A veteran critic turns rookie programmer for the 45th New York Film Festival
By Scott Foundas
From The Reeler
On Monday, July 30, as I arrived in New York for my first tour of duty on the New York Film Festival selection committee, I received an e-mail announcing the death of Ingmar Bergman -- one of two devastating blows that would be suffered by the world film community before the week was out (or even half-over). A fortnight -- and some 60 or 70 movies vying for a coveted NYFF slot -- later, I felt assured that, despite the doomsday tone of many Bergman and Antonioni obits, cinema itself was still very much alive and well, and that anyone claiming otherwise simply wasn't looking very hard.
Indeed, for two weeks in Manhattan, I did little else but watch movies, staggering the seven blocks from Lincoln Center back to my hotel most nights in a kind of euphoric daze, my thoughts abuzz with the movies and pieces of movies I had seen in the hours prior, my brain feeling as though it needed a rub down. Looking back on it now, I can say without hesitation that it was the tougher (if also the most rewarding) of the two jobs I have worked in the thick of a sweltering East Coast summer -- and if I tell you that the first was putting roofs on houses underneath the Florida sun over the three months between my freshman and sophomore years of college, that should help put things into perspective. There are, of course, people out there who believe that watching movies for a living fails to qualify as "real" work. To which I say: Don't knock it 'til you've tried it.
Now, I've long considered myself something of a moviegoing marathon man. On any given day, in the course of my work as film editor and chief critic at L.A. Weekly, I see at least one (and more often two) new films, while at film festivals I start to feel guilty if I see less than five in a 24-hour period. But the festival selection process is a something else entirely: It is, for starters, a collaborative endeavor, which means not just seeing movies and forming opinions about them, but then sharing those thoughts in the company of four passionate, opinionated colleagues (in this case, The Village Voice's J. Hoberman, Entertainment Weekly's Lisa Schwarzbaum, the Film Society of Lincoln Center's Kent Jones, and our fearless leader, Film Society programming director Richard Peña). It is about the Goldilocks-like act of balancing one's personal taste against the considerations that go into organizing a festival program -- in other words, not too much of one thing (French costume dramas, say) or too little of another (documentaries, for example), but a program that feels just right. And it is, above all, about choosing 30 films (28 new works plus two revivals) that will entertain, enlighten, challenge and otherwise stimulate the NYFF audience come September.

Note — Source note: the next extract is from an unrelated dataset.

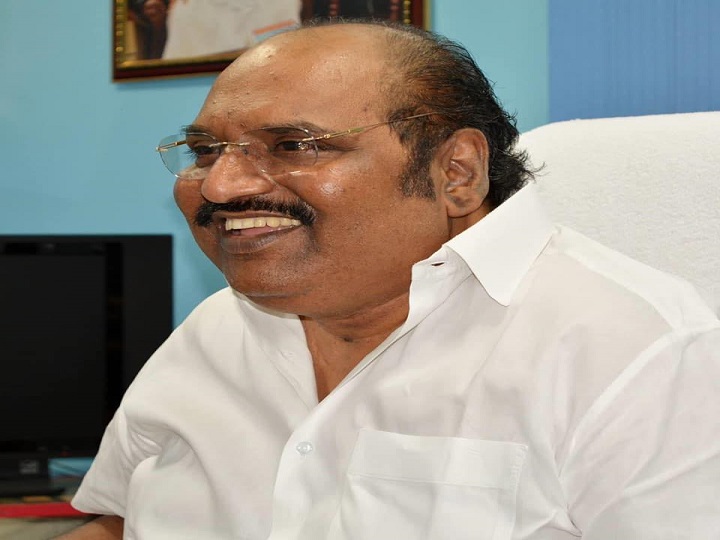 Photo of तमिलनाडु: कोरोना से पी‍ड़ित DMK विधायक का निधन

That's a weighty responsibility, especially when the festival in question has 44 years of storied tradition behind it: Herzog, Jancso, Renoir, Sembene, Straub, Truffaut, Visconti, Welles -- and that was just 1975! I myself first attended the NYFF in 2000, purely as a spectator, returning for a few years after that in a journalistic capacity, and the memories of the movies I saw in those years remain especially vivid: A screening of Jia Zhangke's Platform, at which I spied an empty orchestra seat from my perch in the mezzanine and, 10 minutes or so into the film, moved down to grab it and to bring myself closer to Jia's radiant images; the projection of David Lynch's Mulholland Dr., during which my perfectly good watch of several years suddenly stopped working, as if I too had been pulled into some Lynchian void. Which is not to mention the general air of formality, the reserved seating, the unfailingly punctual start times, the spotlight that shines on the filmmakers' box seats at the conclusion of each screening.